Having previously finished reading the epic One Hundred Years of Solitude by Gabriel Garcia-Marquez, I was looking for a significantly lighter read when I started reading The Beatles and Me On Tour (and hopefully one that wouldn’t take me months to finish). This request was granted with a book that I couldn’t put down – in fact I don’t think that I have ever digested 300 pages so quickly .
The author Ivor Davis, a then young journalist writing as a foreign correspondent for The Express working in America was called up by his boss early one fateful morning in August 1964 and told to head to San Francisco to meet this group who were a sensation in England, but were reasonably unknown in the US, apart from three performances on the Ed Sullivan Show six months before. The group in question is of course The Beatles.
Starting with a Mission Impossible style “your mission Ivor, should you choose to accept it…” gives the opening to the book a real punch, which drives you all the way to the back cover. As somebody who has previously studied The Beatles in a module at university, I can guarantee that unless your surname is Lennon, McCartney, Harrison or Starkey (Starr), there will be something new for you to discover in this book.
Written in retrospect, the author is quite critical of his early efforts as a writer, but as time has gone by and a whole career has taken place, it is clear that the book is written by a very experienced writer who knows how to put something together that will keep the reader turning the page and wanting to know more – a background in journalism rather than novel writing really shows with the sharp copy, short chapters (all of which starting off with quotes from The Beatles and those who knew them best from within the inner circle of the entourage for their first US tour) and well sourced material.
Learning about The Beatles from a primarily UK perspective, the US tours and the role that this had in their career was somewhat overlooked in the brief studies that I undertook about the band, but it is clear from Ivor’s writing that the US definitely had a significant role to play in their career, from their meetings with Elvis Presley, Bob Dylan and a host of other influential figures to the cultural changes across the pond, a plane crash that nearly took their lives and the largest gig that the band ever played (in Shea Stadium).

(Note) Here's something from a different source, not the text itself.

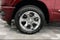 2025 RAM 1500 Big Horn/Lone Star 4x4-Adaptive Cruise-Htd Seats-Remote Start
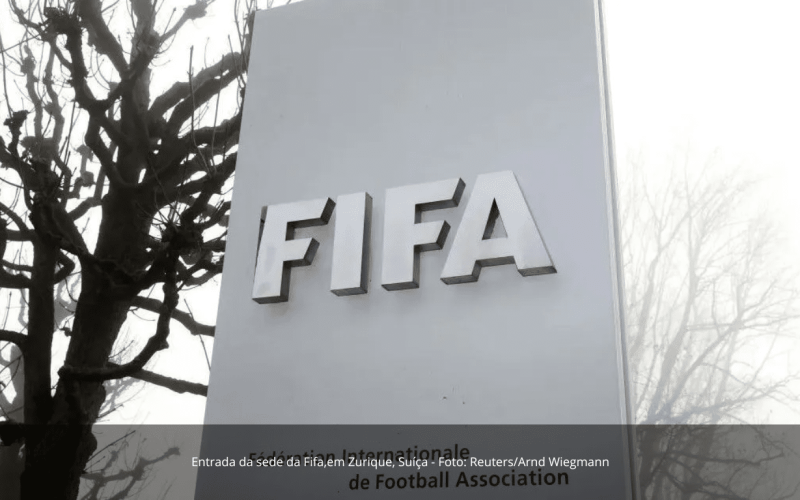 Mercado de agentes de futebol atinge R$ 7,5 bilhões em faturamento global em 2025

The author tells the story in an almost fly on the wall way, without trying to oversell any relationship that he had with the band. Instead he provides his unique unbiased journalistic account of what he witnessed on the first US tour in 1964, from the crazed fans hounding the band in their hotel rooms to the role that drugs played in the Beatles lives and the inner politics within the travelling circus that came with the band for the tour.
The book was released late in 2014, marking the 50th anniversary of the tour, and considering the subject of the book (The Beatles) is the most written about topics in music history, Ivor does a fantastic job of adding a new light to an already very well lit stage, revealing far more than I ever thought he could, without selling the band down the river just to sell copies of his book. Garnished with 40 B&W photographs, the book is well structured, easy to read and quite sad to finish – I almost wish that I took longer to read it.
If you have an interest in the band, pop music history, or American musicology this book is a must read and a true pleasure to do so.